Eventually, all of the grief, history, and trauma that have been building throughout the film collide into something monstrous. A literal manifestation of pain takes shape, leading to moments of wild body horror that are shocking without overstaying their welcome. The flashes are brief, just long enough to make you feel uncomfortable and disoriented. Some of it recalls films like Society or The Substance, where the horror feels physical and wrong in ways that are hard to shake.

When all three chapters finally converge, it is strange and slightly out of left field, but it works. Questions are answered, though not neatly, and the film is better for those uneasy resolutions. This is a movie where nothing is accidental. Everything is placed deliberately, and it rewards close attention.

Rock Springs is not a traditional ghost story. It is something more personal and more challenging. At times, it feels like Hayao Miyazaki filtered through nightmare logic, as if My Neighbor Totoro collided headfirst with The Babadook. It also strongly reminded me of the game Yomawari, where a child explores a town twisted by trauma, evading monsters while searching for lost family.

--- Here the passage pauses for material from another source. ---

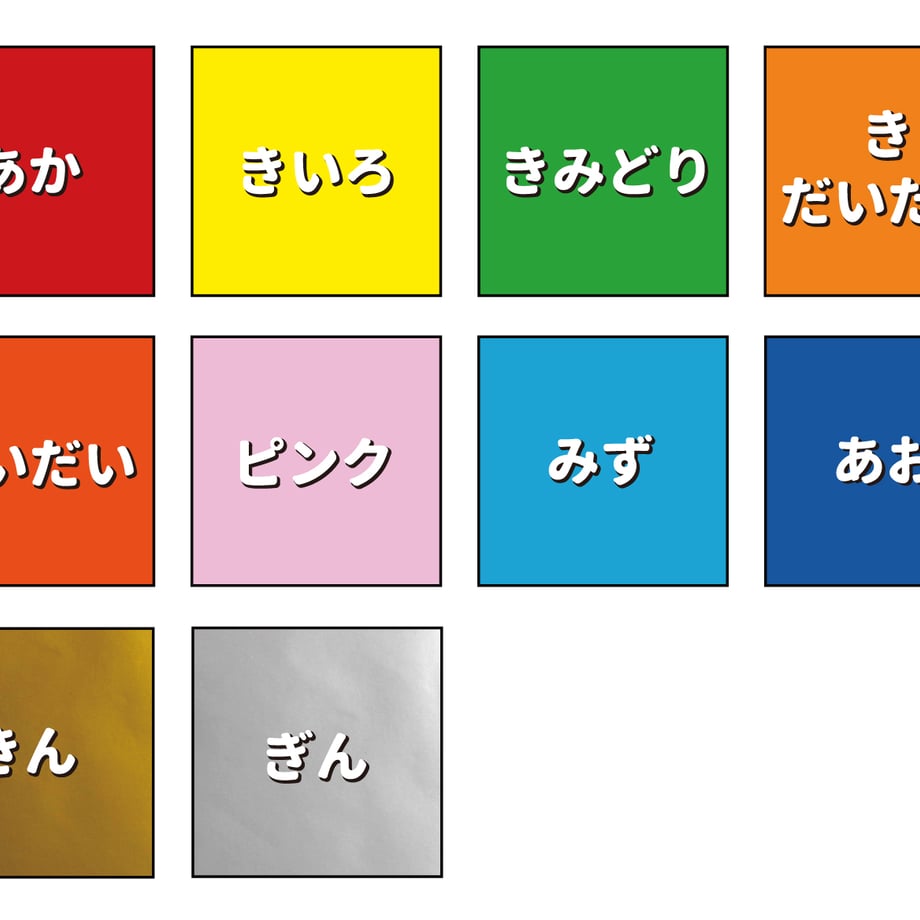 62c29f75d8587424caea02c5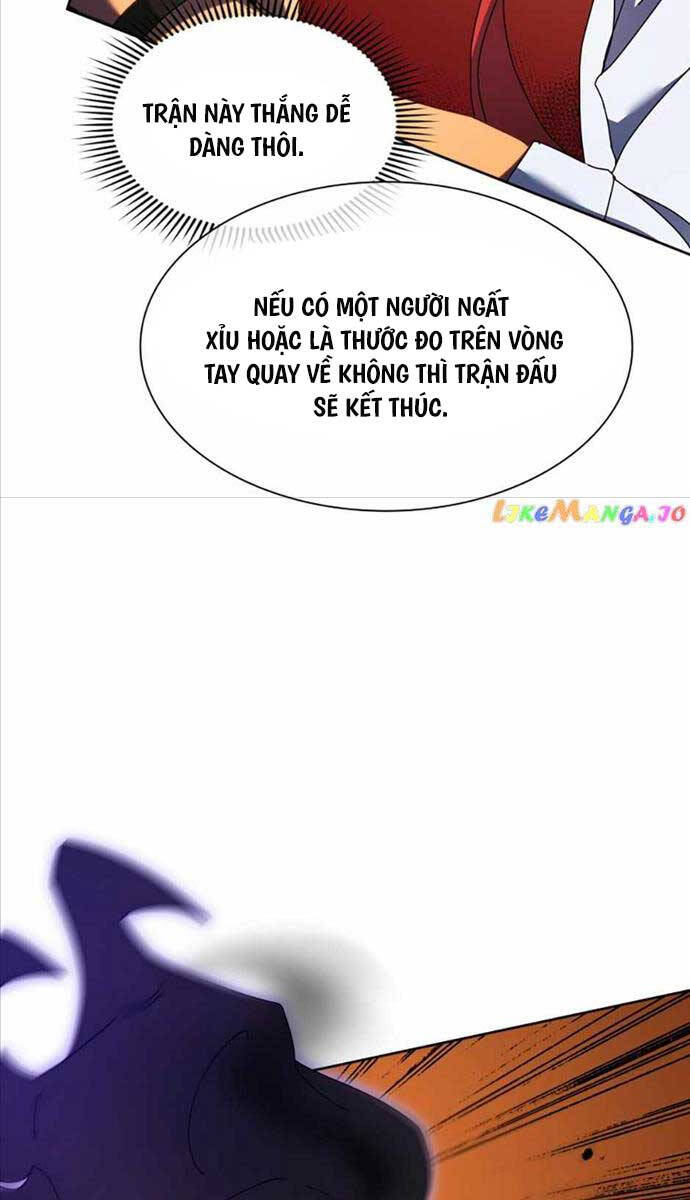 Tử Linh Sư Thiên Tài Của Học Viện Chap 59 - Next Chap 60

That same feeling of loneliness and dread hangs over this film.

As a parent, I expected to be more emotionally destroyed than I was. The film is intentionally weird and stylized, and at times, that distance kept me from fully connecting. Still, I admired it immensely. I found myself thinking about it long after the screening, especially how it takes a real historical tragedy and builds something deeply haunting around it.

The creature work is exceptional and would absolutely make Guillermo del Toro proud. The performances from Kelly Marie Tran, Benedict Wong, and Jimmy O. Yang are all strong, with Yang delivering particularly impressive range. For a first feature, Rock Springs is ambitious, occasionally disjointed, educational, sad, and undeniably effective.

It may not be for everyone, and it certainly was not my favorite film of SXSW, but if you stick with it even when it feels unfamiliar or uncomfortable, the payoff is real. This is the kind of horror that lingers quietly and gives you something to think about during the drive home.